They cry out havoc, scream tempest
to the ocean and sky
so the illhveli hear not their name.
Their harpooned blubber
boils neither to heaven nor hell
but vanishes only inside the soul.
They fear only the steypireydurs
the Great Blue Behemoths,
the protectors of sailors and crafts.
The salts’ wives smell the devil in their remnants
and to keep the fury at bay they call
their men honeyed names clothed in peace.
The mates consign this sweetness
to the void, a sea of faceless women
to be left alone in their slumbers.
At dawn, they return
to the great wide green ocean
that hungers for their flesh.
They chum cowshed, yarrows, ash,
throw plowshares, axes and pots creating
a sacred din outside the incarnadine circles.
Cat Whales would come forth
with their devil-angel flukes
half in sun and watery dark.
They mewl alongside,
resting in the craft’s wake,
diving when the waters darkened
And the roar of Bull Whales spouting loudly
through their blowholes would scare
the distant cattle to stampede the waters.
The Ox Whales, swimming
faster than hand and mind,
would devour the calves
Leaving only nibbles
for the belugas that trailed
behind in white silence.
Bottlenose Dolphins after herding
the Ox Whales beyond the spray
would jump straight high
out of the water
exposing the sun and mountains
appearing underneath them.
In the rest between breaths
a Taumur awaited beneath their crafts
for the opportunity to break them apart.
On the glint of the horizon a Ling Whale
drifting like a mirage of barnacles
waited to maroon them on her hide.
Today, the Great Blue Behemoth
heard their anguish and would gently
guide them back to their sandy, rocky home.

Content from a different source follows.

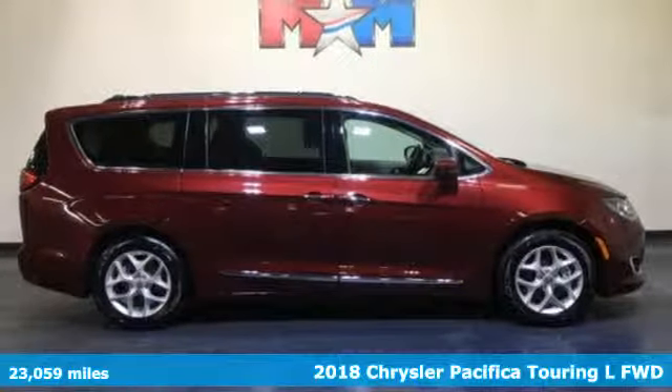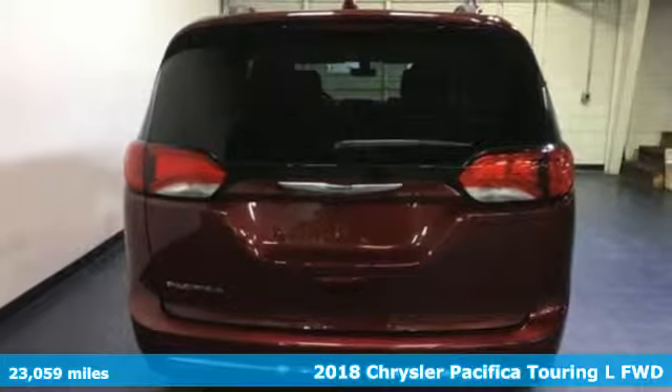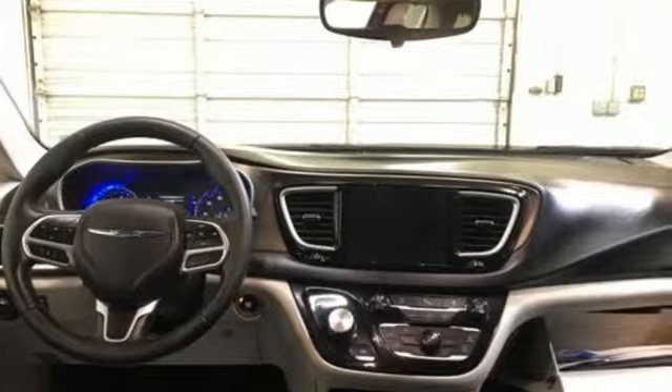Here's a 2018 Chrysler Pacifica. No matter your purpose, the Pacifica has been carefully crafted to help you achieve more than ever before. It boasts an impressive list of features like these.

In their unsteady slumbers
they would hitch a ride
on the back of a Heatherback
And dive with it
to the ocean’s floor until
their last bubbles floated up.
Around them all the dorsal waves
of the Sword Whale splashed them
while she sliced them in two.
Far away, the Narwhale sniffed
their blood in the water and
waited her turn to eat.
Written by
Jonathan Moya
63/M/Chattanooga, TN
(63/M/Chattanooga, TN)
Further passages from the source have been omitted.